On Apr. 26, 1986, at 1:23 a.m., reactor No. 4 exploded, releasing nearly nine tons of radioactive material into the environment. That’s 90 times as much as the Hiroshima bomb. It contaminated the air, soil and water in parts of Ukraine, Belarus, Poland and Russia.

There are disputes surrounding the number of deaths the accident caused. The World Health Organization reports that fewer than 50 deaths can be directly attributed to that day, and predicts some 4,000 people could eventually die of radiation exposure released in the melt down. Greenpeace contends that the eventual fatalities will be closer to 93,000.

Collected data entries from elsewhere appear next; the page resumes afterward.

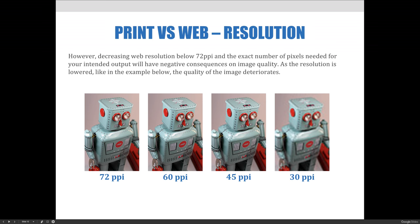On the flip side, decreasing web resolution below 72 PPI and the exact number of pixels needed for your intended output will have negative consequences on image quality. As you can see on this slide, as the resolution is lowered, the quality of the image deteriorates.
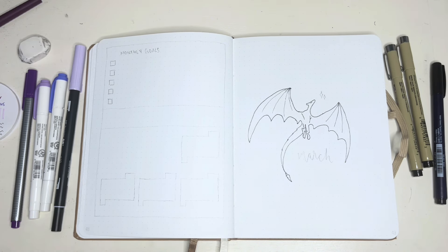Now moving on to my calendar, I'm using a micron pen to draw it out. And that is the pen that I used for most of this setup. I used a 0.2 and 0.1 pen this month.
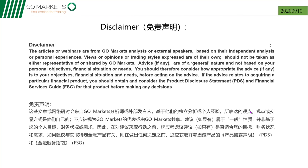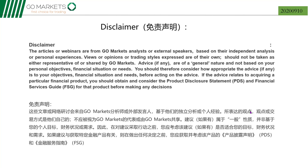在讲述开始之前呢，我们都要做一个免责的声明。所有的文章和网络研讨会来自GoMarkets的分析师或者外部发言人，都是基于他们独特的分析或者个人意见。所表达的观点或者是交易方式都是他们自己的，不应该被视为GoMarkets代表的或者由GoMarkets共享的。总而言之，做金融投资是有风险的，看到了或者听到了这些观点，您在做自己的投资的时候一定也要考虑清楚或者咨询第三方的其他专业的顾问。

However, the contaminated zones are apparently safe enough for tourists to visit. (I’m not entirely convinced, I?suppose?I’ll know for sure if I start glowing green.) There are several Kiev-based tour agencies that offer all-inclusive day trips to Chernobyl.

My own trip to the site began with a 120-kilometre drive from Kiev, to an area near the reactor called the exclusion zone.  I presented my passport at a series of checkpoints, got a safety briefing, signed a waiver and drove through a deserted area.

Despite high levels of radiation, everything looked normal. The grass was a  healthy shade of green, trees were full and leafy, bees were pollinating. Nature has been resilient — or it appears so, at any rate.

I hopped out of the van and stood in front of the infamous reactor. It was incredible how close I could get, considering there’s still radioactive sludge brewing inside.

My Geiger counter was reading off the charts near patches of moss on the ground. Since the moss is soaked with radiation, tourists are warned against touching or standing on any clumps.

No eating, drinking or smoking either — although the tour group did end up drinking vodka with a guide who claimed it would protect against radiation poisoning.

Next was a visit to Pripyat, a town three kilometres away from the reactor, from which 45,000 people were evacuated following the disaster.

Walking around this abandoned city, I felt as if I were the last woman on earth. It was post-apocalyptic.

Wilderness had taken over, dominating cement structures, causing them to crumble and crack like Roman ruins. Weeds pushed through floor boards and branches overtook ex-apartments.

Rusted cribs and burndt dolls were scattered around a former preschool.  With school books strewn around the room and black boards still fresh with chalky arithmetic, the scene was a time capsule of Soviet-era life.

An amusement park, set to open the day after the nuclear explosion, was just a graveyard of rusting bumper cars and a lone ferris wheel.

The scariest part of the tour was learning that the “sarcophagus,” a concrete-and-steel shell built to contain Reactor No. 4’s radioactive spew, is leaking.

Our guide warned, that if the proper measurements aren’t taken in the next few years to rebuild this deteriorating shelter, there’s a real risk of a more severe Chernobyl-type disaster happening again.